##### Supplied material #####

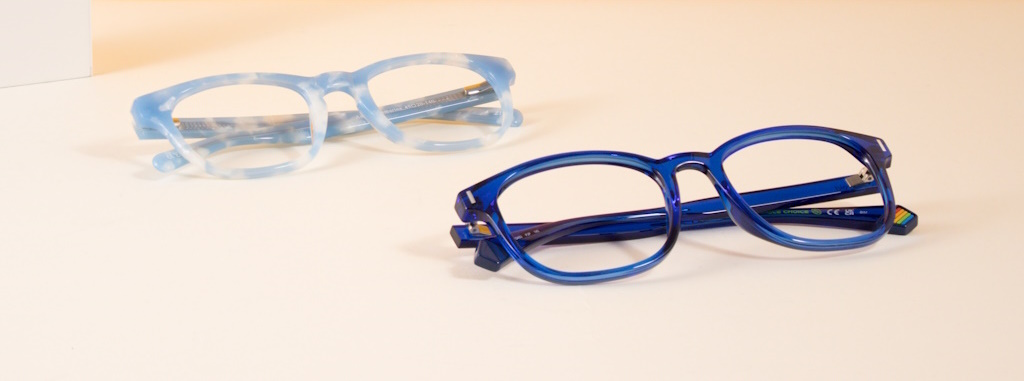 A light and a dark blue glasses frame lying on a cream surface
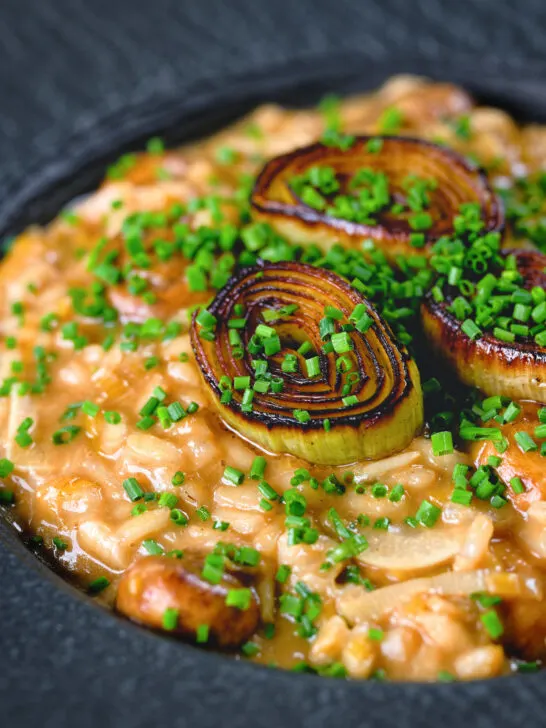 Close-up creamy balsamic leek and mushroom risotto topped with seared leek rings.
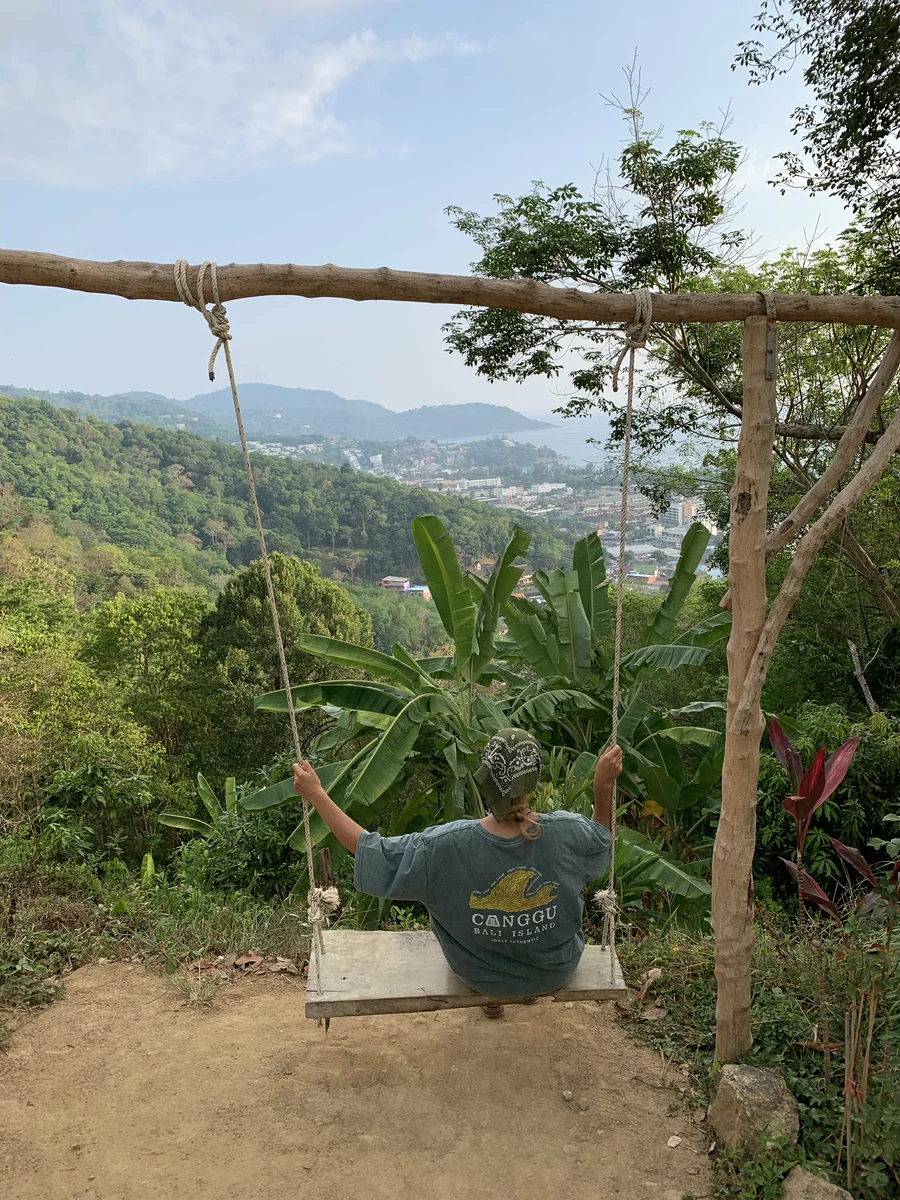 girl on a swing in the thicket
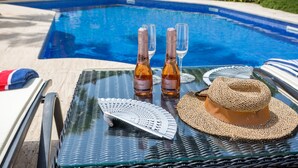 Una mesa de vidrio con dos botellas de Freixenet, un sombrero de paja y un abanico.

#####

#### Work required
The listing should be transcribed in full, exactly, and without its pictures.

#### The completed task
 A light and a dark blue glasses frame lying on a cream surface
 Close-up creamy balsamic leek and mushroom risotto topped with seared leek rings.
 girl on a swing in the thicket
 Una mesa de vidrio con dos botellas de Freixenet, un sombrero de paja y un abanico.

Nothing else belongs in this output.